African Journal of Biotechnology Vol. 6 (3), pp. 184-187, 5 February 2007   

ISSN 1684–5315 © 2007 Academic Journals        

Full Length Research Paper

Influence of EDTA and magnesium on DNA extraction from blood samples and specificity of polymerase chain reaction

Khosravinia, H.^1* and Ramesha, K. P.^2y

¹Department of Technology of Animal Products, Agriculture Faculty, Lorestan University, P.B. 465, Khoramabad-68135, Lorestan, Iran.

²Department of Biochemistry, Indian Institute of Science, Bangalore-560012, India.

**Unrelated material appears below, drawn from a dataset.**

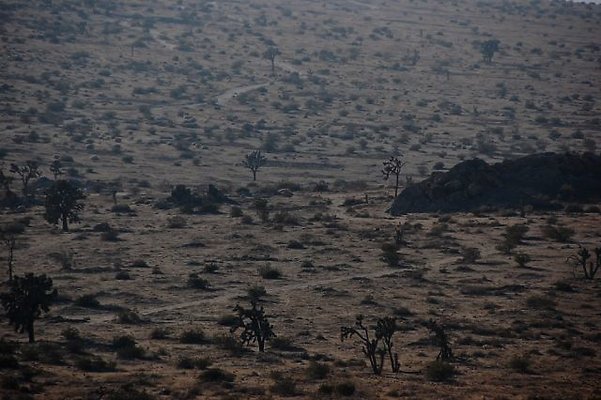 DSC 4999  scaled 640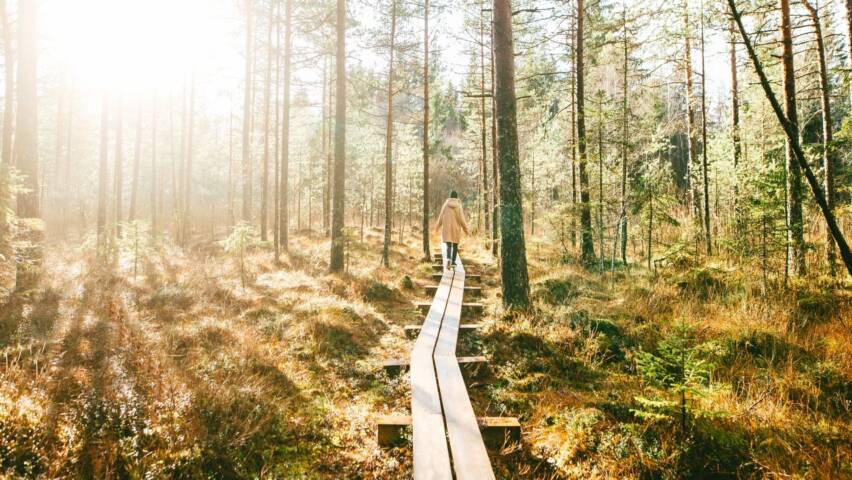 Aurinkoisessa metsässä olevat pitkospuut joita pitkin kävelee ihminen.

*Corresponding author. E-mail: Khosravi_fafa@yahoo.com. Ph:  (+98)(+661) 3203714 (Off.), (+98)(+661) 2212851 (Res.), 09166673705 (Mob.). Fax: (+98)(+661) 4200289.

^yPresent Address: NRC on Yak, Dirang-790101, Via Bomdila, Arunachal Pradesh, India.

Accepted 8 December, 2006

This study consisting of two trails conducted to examine the impact of initial EDTA level added to blood samples on quantity and quality of genomic DNA isolated from avian fresh blood and the influence of initial EDTA level with various levels of MgCl₂ added to polymerase chain reaction (PCR) final volume on amplification pattern. EDTA level added to collected blood samples had no significant impact on quantity as well as quality of extracted genomic DNA. However, higher levels of EDTA increased the OD₂₆₀ and enhanced the OD₂₆₀/OD₂₈₀ ratio beyond 1.8-1.9 which is broadly accepted as an indicator of high quality DNA. To avoid such an error, EDTA level in initial blood sample must not exceed 9 µg/µl blood. The initial amount of EDTA has no influence on PCR process if a valid DNA isolation protocol is used. Addition of MgCl₂ from 1.0 to 2.4 µl in a final volume of 25 µl could support the amplification properly. Low levels of MgCl₂ results in incomplete amplification but levels higher than 2.4 µl impedes the amplification by negative interference to the whole reactions.

Key words: EDTA, DNA extraction, Mg²⁺ concentration, PCR.